I couldn't get on my usual United flight because I was late in booking the seat during prime time at Christmas. United did indeed have a seat available in economy - at the rate of 790 KD. Unless the seat came with its own butler and pillow menu, it wasn't gonna happen. So, I found several options on Qatar Airways. I chose to book direct with their office here in Kuwait. Expedia had the seat available at 20 KD less, but I knew someone at the office, so they made my booking.

First thing that happened was my contact went on vacation, leaving my booking in the hands of someone else - who subsequently cancelled my original travel date. I had to leave a day early. Not a real problem. However, contacting them was.

The business card my contact gave me had the Qatar Airways phone number in Kuwait printed on it. 2 weeks after she gave it to me, the number no longer was valid: they had changed it and didn't bother letting anyone know. They might have just connected the old phone number to an answering machine giving out the new number, but instead, it just rang and rang and rang. I didn't know. I sent e-mails and then someone called me back to tell me. RRRRR. This was not the only problem I had contacting Qatar Airways. The number listed for them in DC is actually the DC office's Chairman's Secretary - who had a message on her voice mail stating she was on vacation. WTF?! So, I checked their website and got a number at the airport (IAD) which was picked up on the 2nd ring (thank GOD) by someone who knew the answer to my question. Cool. Long-story-short: When you are spending thousands (if not millions) for global advertising, Qatar Airways, you should at least be able to call directory assistance (in the US) and get a working number for contacts. In Kuwait, you should have your new numbers available to all your customers. Bada BING.

I left Kuwait at 5:00 am. No problems at the ticket counter - very nice staff, courteous, helpful. No lines.

We landed. Qatar's airport transports flyers old-school: you walk down a ramp, get onto a bus, and go to the terminal ... and then.... holy SNAP! It was a goat rodeo at the transfers desk. I thought that at an early hour, there wouldn't be so many people. We were all herded (literally) into a very small receiving area where signs for H1N1 were posted everywhere, yet you were so close to the people surrounding you, that it was sure to increase your risk by bodily contact alone. YUK. There were no roped off areas. Hundreds of travellers and their babies and their luggage were forced together into a mob to pass through. It was AWFUL. For that reason alone, I will never travel through Qatar again (unless they build a new airport). With all the money Qatar has - they can't afford a proper staging area with ropes/barriers?

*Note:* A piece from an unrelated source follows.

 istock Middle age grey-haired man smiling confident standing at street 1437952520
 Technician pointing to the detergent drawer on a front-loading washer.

Their airport is like Kuwait's old airport used to be - only smaller. You are bombarded by a multitude of mostly high-decible female voices shreiking orders in Arabic. The departures/arrivals boards are not updated with information until they read "Final call". In other words, you can't determine above the mayhem when your flight is boarding.

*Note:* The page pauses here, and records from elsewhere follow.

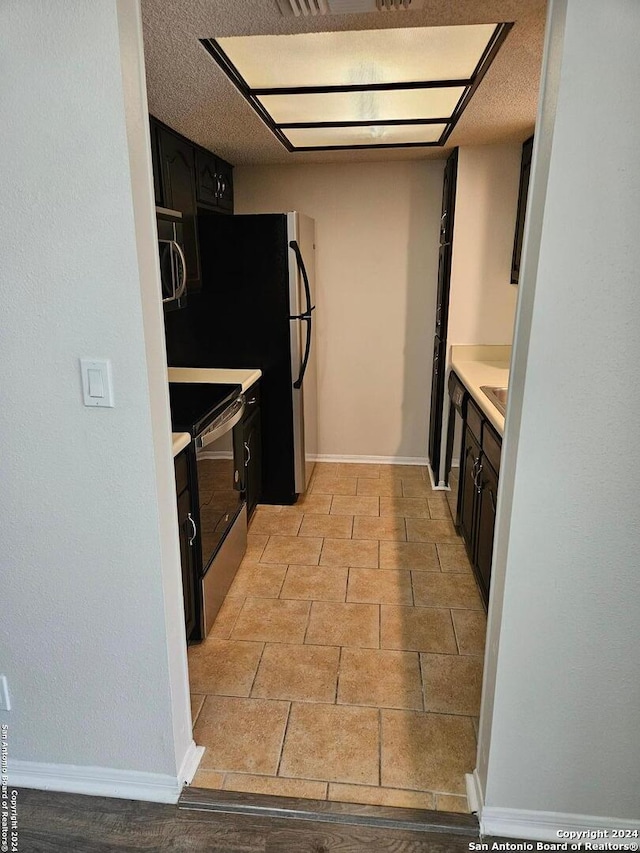 kitchen with a textured ceiling, light tile floors, and electric range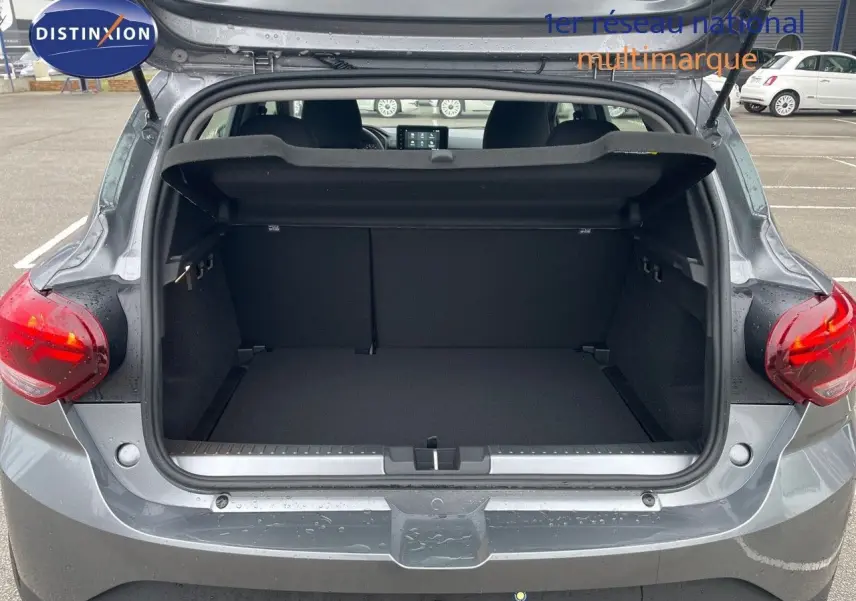 Coffre ouvert vu de l'arrière d'une Dacia Sandero Stepway 2024 gris schiste métal, montrant l'espace de chargement vide.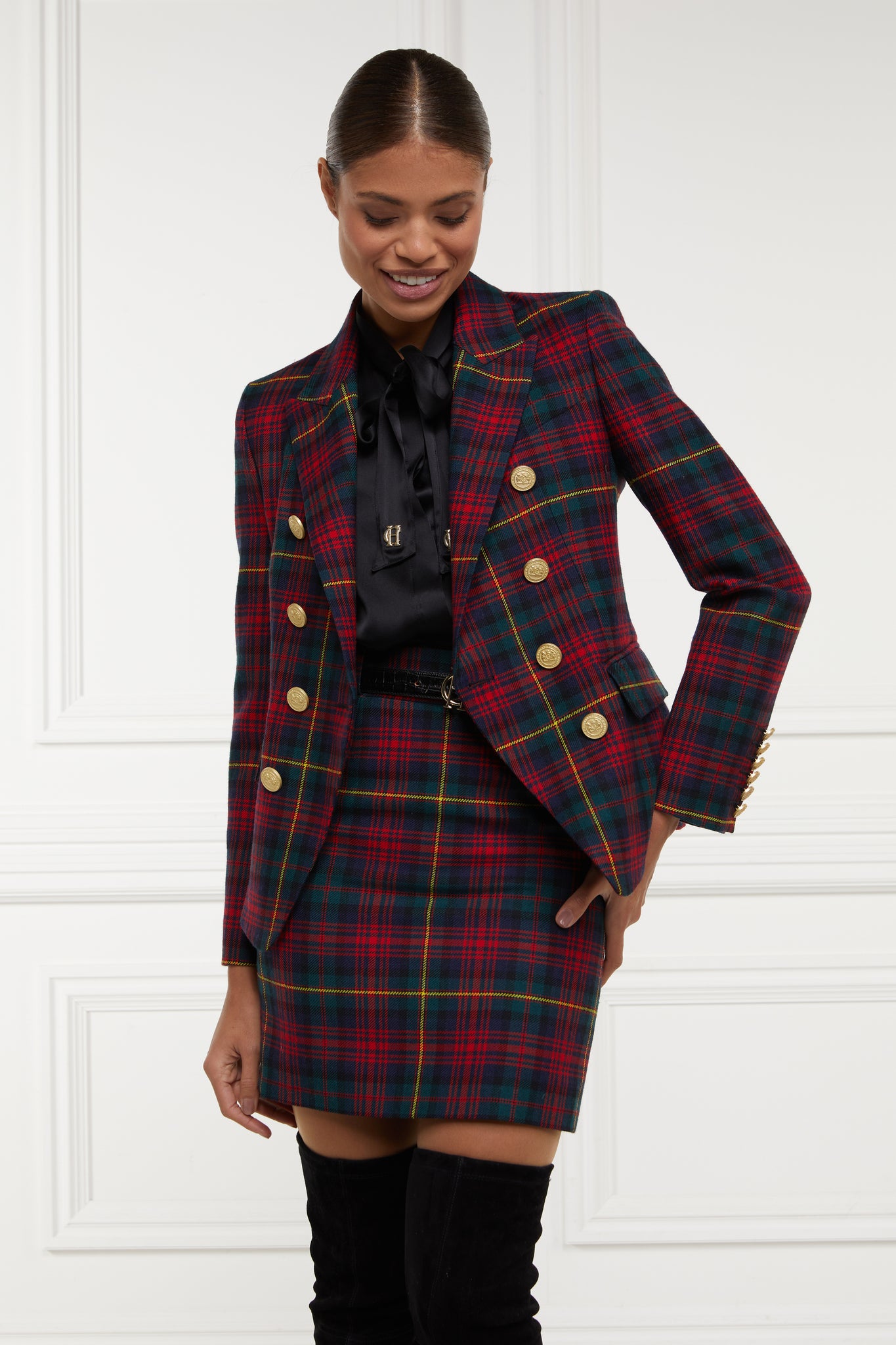 British made double breasted blazer that fastens with a single button hole to create a more form fitting silhouette with two pockets and gold button detailing this blazer is made from  red green navy and yellow logan tartan worn with black shirt and skirt in matching tartan pattern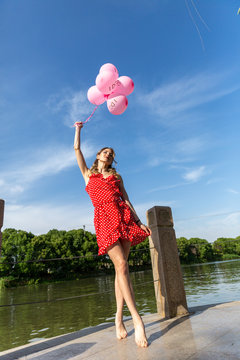 Girl In Red Polka Dot Dress With Balloons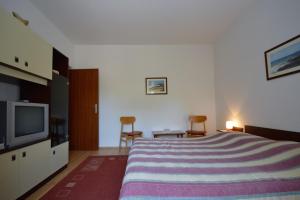 een slaapkamer met een groot bed en een televisie bij Apartment Nela 23 in Pula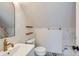 Cozy bathroom with a sink, toilet, decorative shelves, and stylish black and white patterned flooring at 2572 Chase St, Edgewater, CO 80214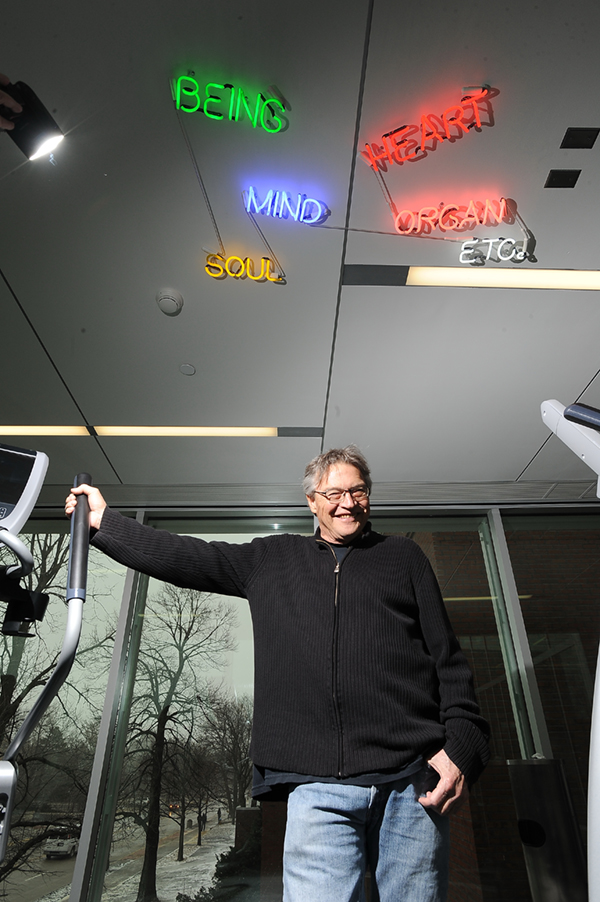Terry Allen with his hand on an elliptical machine handle and neon words on the ceiling reading Being, Mind, Soul, Heart, Organ, Etc.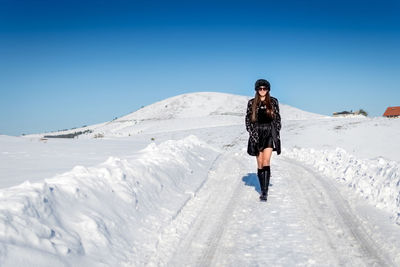 Full length of man standing on snow covered mountain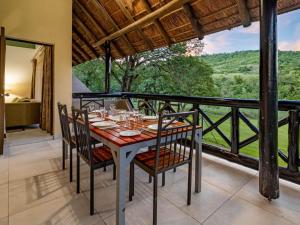 a dining room with a table and chairs on a balcony at Leisure Time Rentals - Sanbonani Resort & Spa in Hazyview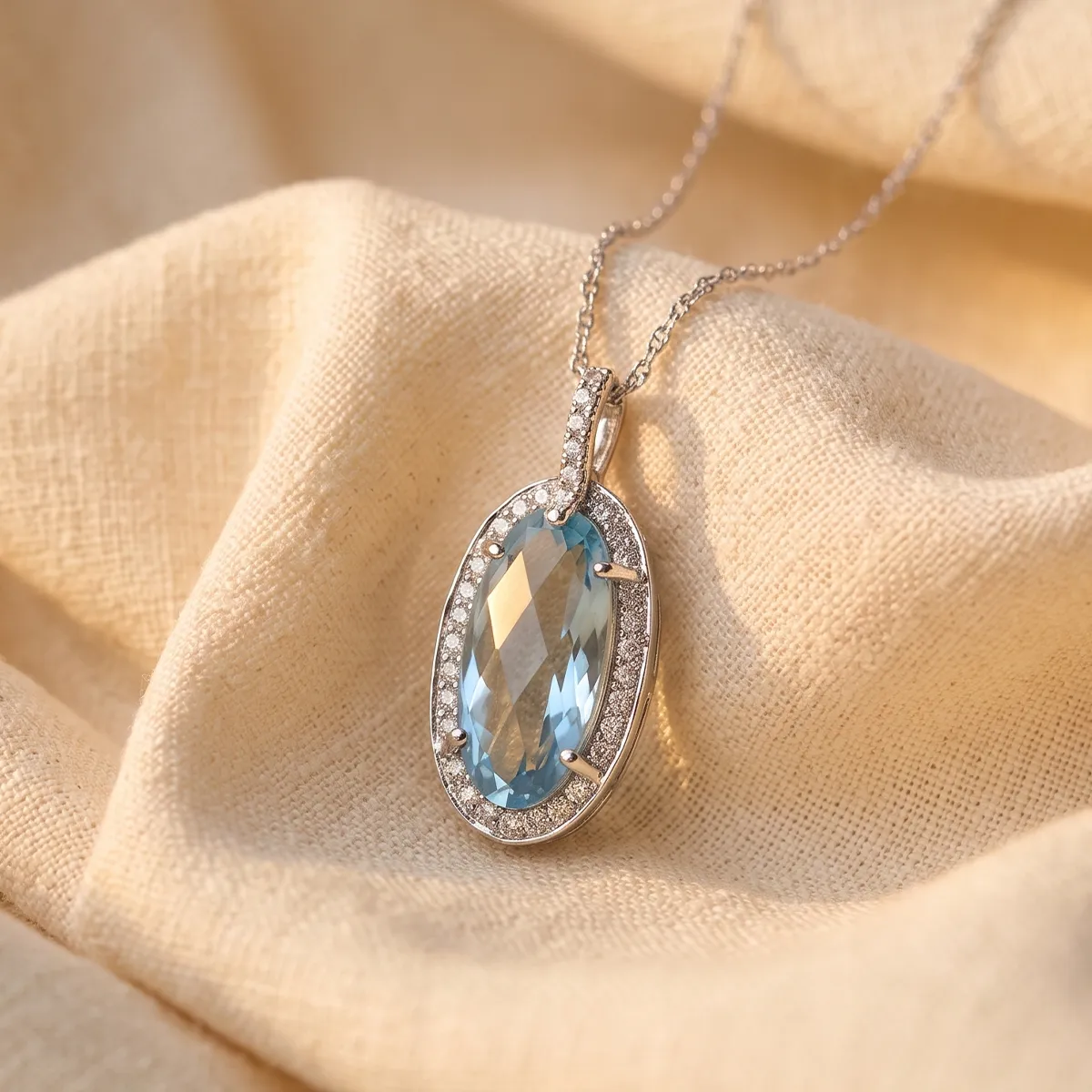A silver necklace with an oval blue gemstone pendant on a beige fabric background.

Once on the plane, the attendants were very nice. The seating configuration on their 777's is different from United. United has 2 seats from windows on either side of the aisles, and 5 seats in the middle. QA has sets of 3 seats - which I didn't really like because I like a window seat and I had to ask 2 people to get up. Their economy section actually felt more cramped than United's also. I was very uncomfortable.

What I did like was their food and their offerings of TV and movies. The entertainment was quite extensive and it was "on-demand" so you don't have to go by set schedules. Very good. They also still offer the little travel bags with ear plugs, tooth brush, etc - which United no longer has except for in Business and 1st class.

The flights were easy - not a lot of turbulance or anything. What disturbed me were the landings. On all 4 flights, the landings were either heavy or had a lot of sway. Good pilots would have compensated, but I didn't feel confident on any landing with them. They may have a newer fleet, but at that rate, they are going to wear down the planes with metal fatigue in a short period of time.

That was my experience with them. I tried - now I'm going back to United.